Axie Infinity is, to date, the most established metaverse gaming platform. Unlike regular games, Axie Infinity exists on a blockchain which means you buy and sell characters, upgrades, and power-ups with cryptocurrencies.
The platform, created in 2018 by a Vietnamese company called Sky Mavis, is currently valued at $3 billion.
Known simply as Axie, it allows gamers to earn as much as $2,000 monthly.
Gamers on the platform grew to 1.8 million in August this year, and about 40% are from the Philippines.
Where does Nestcoin's Metaverse Magna come in?
To enter the brightly coloured metaverse with strange-looking game characters on Axie Infinity, you need to own gaming creatures or a variety of things known as assets.
These creatures, regardless of how weird they look, do not come cheap. According to Rest Of World, game assets can set you back as much as $1,500. That's over 2000% higher than Nigeria's minimum wage.
According to research by market research and data specialist firm, KLA, only 3% of the people who own crypto in South Africa have up to $3,000 worth of cryptocurrencies.
While expensive Axie assets are a barrier, the metaverse is still in its infancy, and not many people understand how to get in.
Nestcoin's MVM wants to help players get these creatures while getting a percentage of their earnings. Something like AltSchool. for gaming.
In a chat with Techpoint Africa, Onyinye Umeaka, MVM General Manager, said, “We are sponsoring anyone out there with access to the Internet, and just the commitment to improving their quality of life with an opportunity to earn a good living playing crypto games."
She said MVM would purchase the assets and create gaming accounts, lend the accounts to players willing to learn, play, and earn.
"As the players play, they earn cryptocurrency, and based on the earnings, we split it between ourselves and the players, the players get to keep 70% based on performance, and then we get to keep 30%."
Gaming scholarships started in the Philippines
While the rest of the world had the pandemic and lockdowns to contend with last year, the Philippines also struggled with typhoons and floods. And when it became almost impossible to get jobs, some people turned to gaming.
Per Rest Of Worlds, "Workers in the Global South are making a living playing the blockchain game, Axie Infinity."
In the Philippines, there are platforms such as MVM that offer scholarships to gamers. For example, there’s Yield Guild Games (YGG), managing up to 4,7000 players or scholars as they’re called.
Even VC's are investing
YGG raised $4.6 million in August this year to accelerate play-to-earn gaming. Claiming to have earned up to $8.6 million with Axie Infinity, it plans to buy more gaming assets and onboard more scholars.
Although nowhere near YGG, MVM is already making moves in crypto gaming.

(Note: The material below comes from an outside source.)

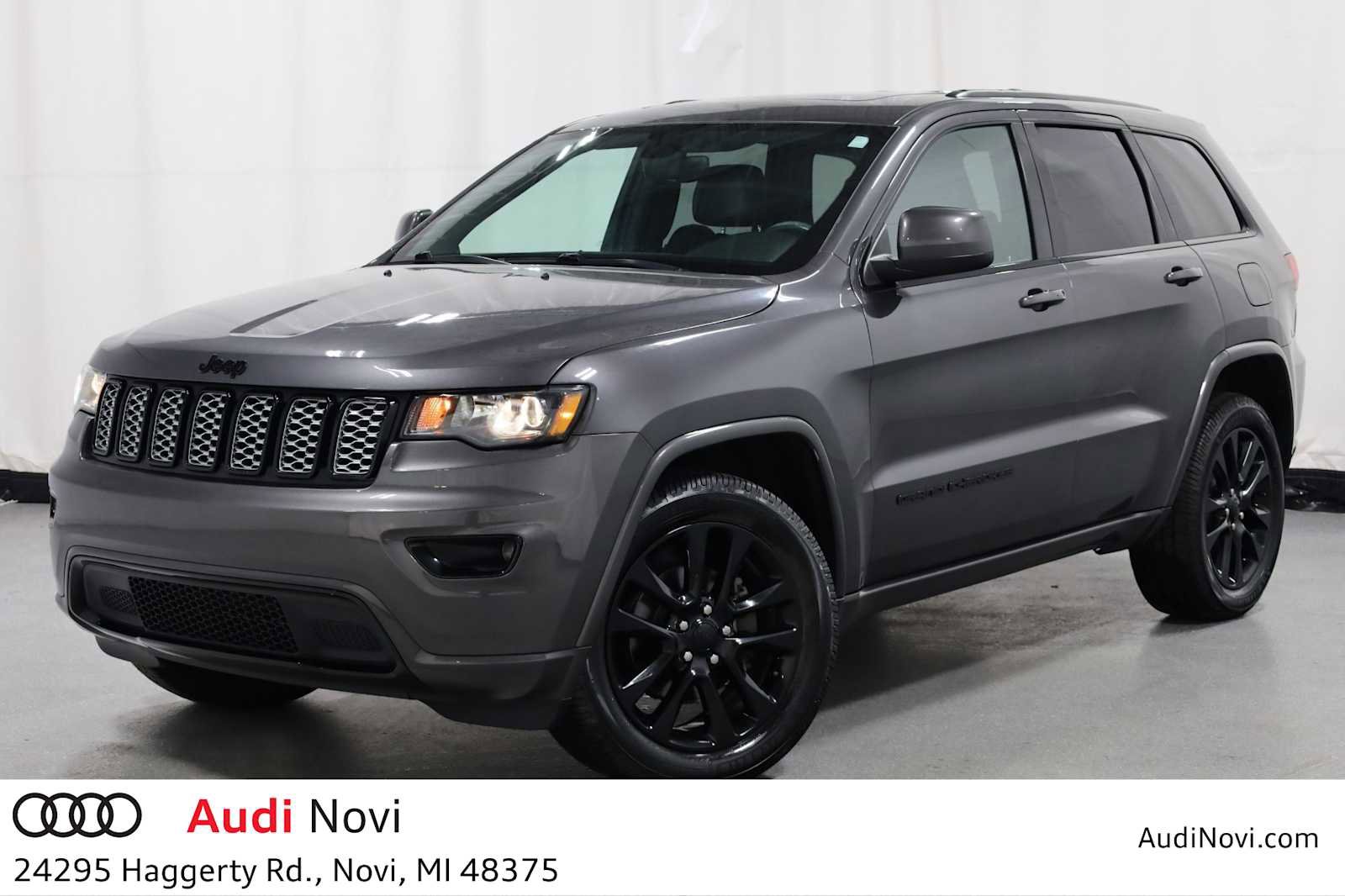 Used 2018 Jeep Grand Cherokee Altitude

"We've been running the experiment now for a couple of months. We actually have about 130 plus players already playing the games within our scholarship programme," Umeaka said.
Unlike YGG, however, MVM is a decentralised autonomous organisation (DAO). This means MVM is a community of players, community managers, and development managers.
Players are coached and trained on strategies that will help them win games.
Although MVM seems more centralised than decentralised, Umeaka said it'd be a DAO with its own tokens where gamers and investors will be the stakeholders.
MVM was created in partnership with Old Fashion Research (OFR), a multi-strategy blockchain investment fund.
Nestcoin CEO and Co-founder, Yele Bademosi, believes the play-to-earn metaverse could get a lot of Africans out of poverty.
However, Middle, Eastern, and Western Africa still have low Internet penetration rates of 26%, 24%, and 42%, respectively. Lower than the global average of 59.5%.
With the amount of volatility associated with all things crypto-related, it's only a matter of time before we can say for sure that crypto gaming will continue to be valuable.